**YOUR OBJECTIVE**
Your job is to return the whole listing unchanged while skipping its images.

RECORDED DATA below:

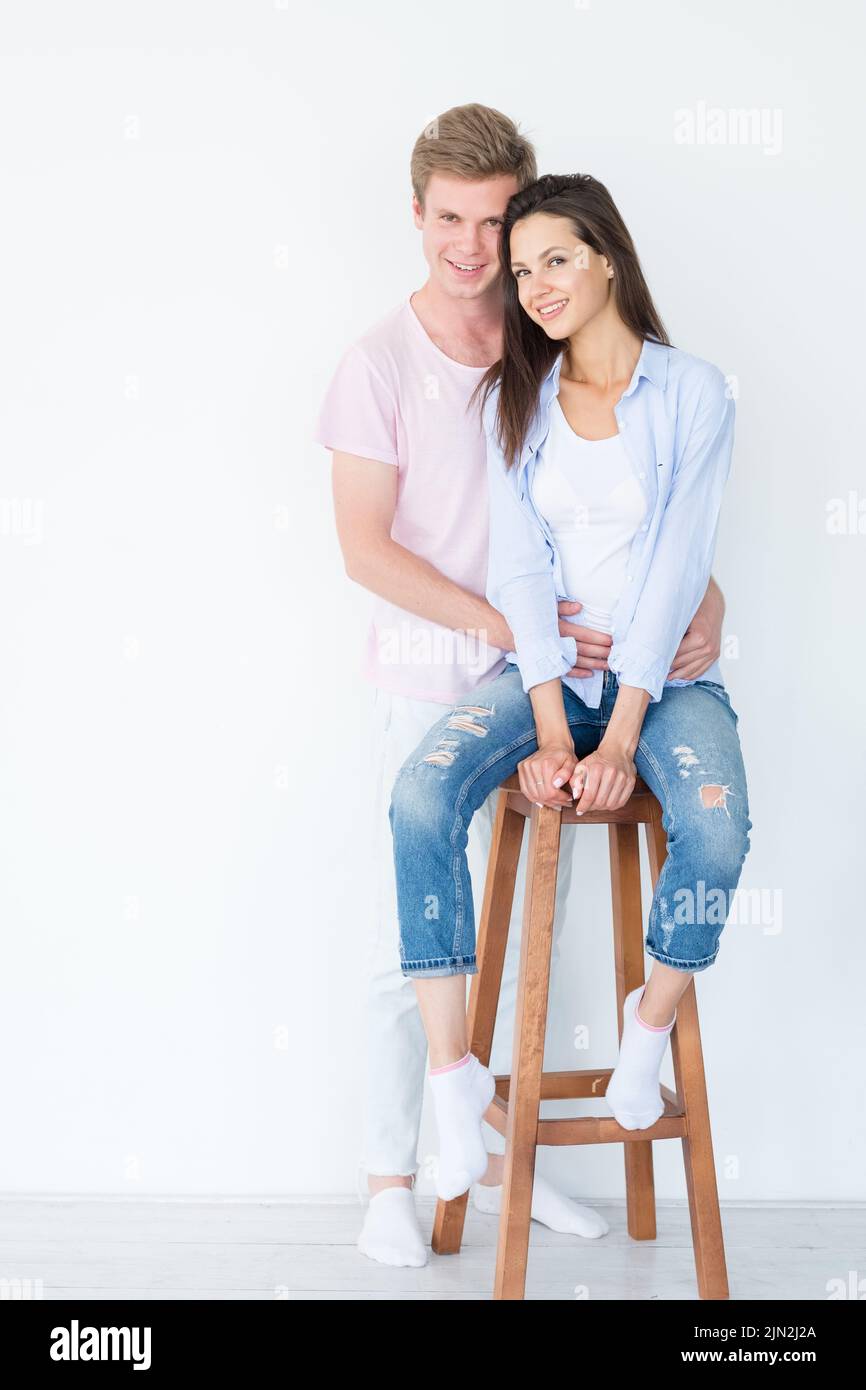 Man and woman smiling hi-res stock photography and images - Alamy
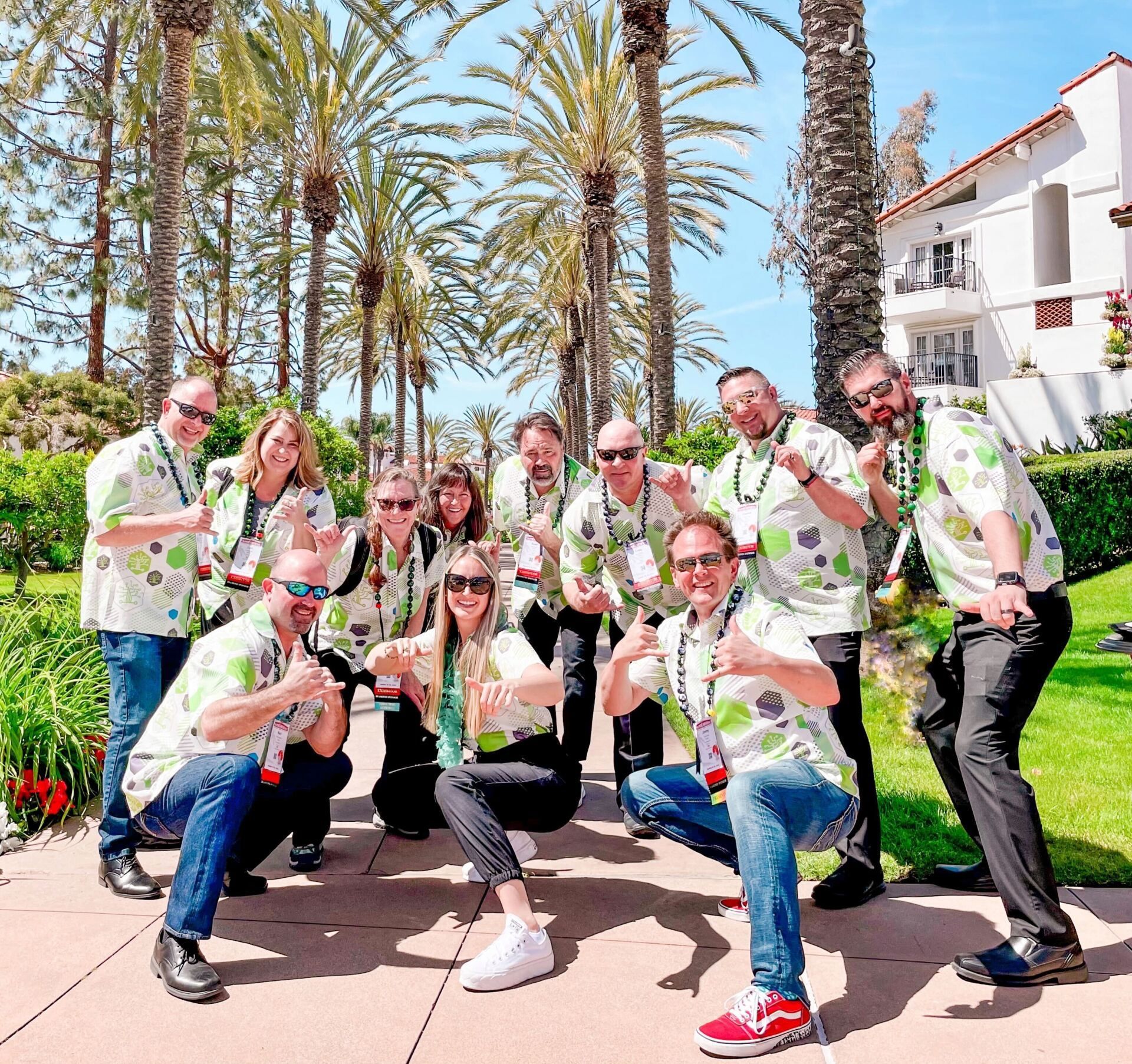 Group of people posing outdoors in matching green shirts on a sunny palm-lined walkway
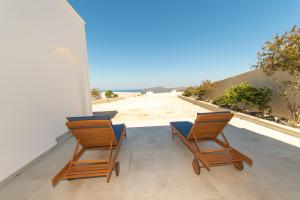 two chairs and a table on a porch with a view at Agia Marina Caldera suites in Megalochori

End of RECORDED DATA.

**COMPLETED EXERCISE**
 Man and woman smiling hi-res stock photography and images - Alamy
 Group of people posing outdoors in matching green shirts on a sunny palm-lined walkway
 two chairs and a table on a porch with a view at Agia Marina Caldera suites in Megalochori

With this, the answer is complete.